Even after nearly 25 years on the job, I’m astounded by the things I discover about businesses.
My latest surprise occurred when I received in my email inbox a news release from Knott Laboratory about another high-profile investigation in which the company was involved.
I was familiar with Knott Laboratory because of a story I reported in early 2022 about the forensic engineering and visualization firm and Stanley Stoll, the CEO who oversees operations from his office in Grand Junction.
I was impressed by the scope of the work the business has handled over the past 40 years, including investigations into the automobile accident that killed Princess Diana, the crash of an Air France Air Bus and the collapse of two overhead walkways in a Kansas City hotel.
I was flabbergasted by the latest announcement. Knott Laboratory was hired to create a digital reconstruction of the assassination of President John F. Kennedy in Dallas in 1963. The JFK assassination. Are you kidding me?
But wait, as the TV infomercials promise, there’s more. An analysis of the trajectory of one of the bullets fired at the president refuted the findings of the Warren Commission assembled to investigate the assassination.

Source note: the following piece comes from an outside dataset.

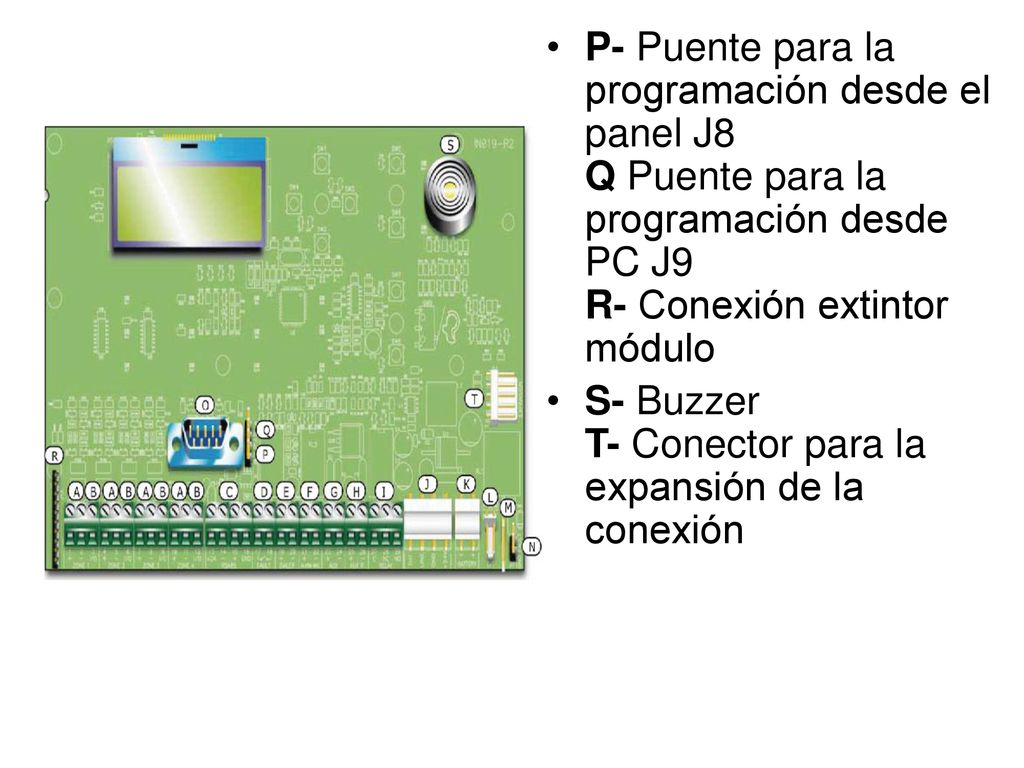P- Puente para la programación desde el panel J8 Q Puente para la programación desde PC J9 R- Conexión extintor módulo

Knott Laboratory conducted no less than 36 laser scans in Dealey Plaza in downtown Dallas that generated a total of 851 million data points used to create what Stoll called a “digital twin” accurate to within millimeters. The company combined that information with photographs and other evidence, including the so-called Zabruder film, to precisely place the presidential limousine, President Kennedy and Texas Gov. John Connally into the scene.
While Stoll offered no opinions about the multitude of theories that have proliferated since 1963, he focused instead on the science. That science detected a significant difference in the angles between two of the shots fired at Kennedy and Connally and a third shot the Warren Commission asserted wounded both men.
It will be fascinating to follow what happens next.
But that’s just one of the remarkable stories I’ve encountered in covering business. I’m amazed at what goes on here. The companies that build gigantic aquariums and the lifts that haul skiers and snowboarders up the slopes. The business that refurbishes massive aircraft. The software firm that’s revolutionized the way underground infrastructure is repaired and installed. Especially around the holidays, I’m thankful for the confectioner that makes what I contend is the most delicious almond toffee in the world.
I’m astounded as well by the entrepreneurs I interview. The innovation and passion they bring to their ventures. The risks they’re willing to take to bring to market better products and services.
I can only hope in reporting stories about these businesses and these entrepreneurs, readers are as astounded as I am.